The UN Security Council resolution calls for an ``international presence'' in the occupied territories, a call Washington says it will support only if Arafat pledges to return immediately to his talks with Israel.

International role

The PLO has refused to do that, and wide differences remain between Israel and the PLO over what an ``international presence'' - provided for in the Declaration of Principles - should look like.

While the Palestinians would like an armed international force, the Israelis have proposed nothing more than an office in Jericho from which foreign aid donors could distribute funds.

Yesterday's talks in Tunis, in which Maj. Gen. Uzi Dayan was taking part on the Israeli side, were expected to deal with such questions. ``There is an assumption that there will be a [UN] resolution, and we have to agree with them [the PLO] on how to take it from there,'' the senior Israeli official said.

Israeli officials hope that Mr. Christopher in Vladivostok will urge Kozyrev to coordinate his Middle East peace efforts with the US, after two spontaneous visits here from senior Russian officials in as many weeks.

Arafat, on the other hand, appears to be encouraging a more active Russian role - accepting an invitation to visit Moscow next month, for example - in the hope that this will put pressure on Washington to put pressure on Israel to make more concessions.

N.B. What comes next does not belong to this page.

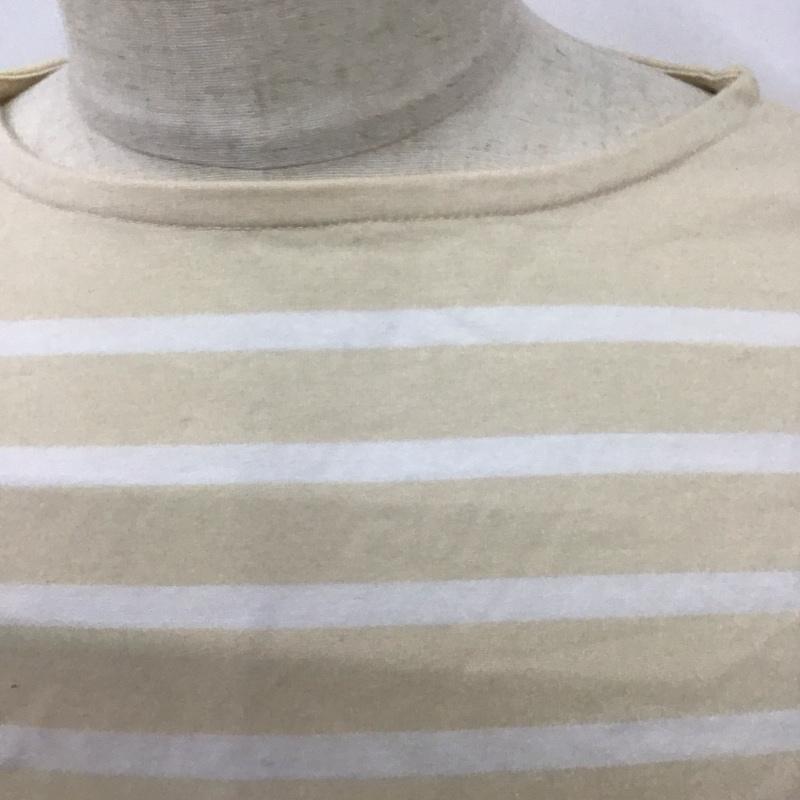 モンケメル MONT KEMMEL カットソー 長袖 長袖カットソー クルーネックカットソー ロングスリーブカットソー プリントTシャツ XL ボーダー柄 ベージュ / ベージュ /  メンズ USED 古着 中古 10114687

But the Israeli government has ruled out any widespread disarming of settlers, or the removal of any settlements. ``The measures the government is taking against extremists ... is the maximum we are going to do,'' the senior Israeli official added.

The Israeli Cabinet on Sunday outlawed two extremist Jewish groups, Kach and Kahane Lives, as terrorist organizations. Baruch Goldstein, who carried out the Hebron massacre, was a member of Kach.

The government has also issued detention-without-trial orders against six extremist settler leaders, and yesterday arrested Rabbi Moshe Levinger - the father of the West Bank settlement movement. Other radical settlers have been restricted in their movements and some have been disarmed.

Government officials hoped these moves would be sufficient to persuade the PLO to resume talks this week. Once they get under way, Rabin has said, agreement could be reached in less than two weeks, and the Israeli Army could withdraw from Gaza and Jericho within six weeks.

The Israeli prime minister was anxious to end the crisis with the Palestinians before he left for Washington last night, allowing him to focus on the future of peace talks with Syria when he meets Mr. Clinton tomorrow.

Arafat under pressure

But Arafat is under pressure from opponents within the PLO not to resume the peace talks without prior agreement on international protection for Palestinians in the occupied territories. The UN resolution is the minimum he needs as political cover, Israeli officials concede privately.

PLO officials are insisting that Israel's crackdown on a limited number of extremist settlers is not sufficient. They are demanding that the Israeli government uproot some settlements.

But this runs counter to the Declaration of Principles, in which it was agreed to defer consideration of the settlements' future until negotiations on the final status of the occupied territories, due to begin in 1995.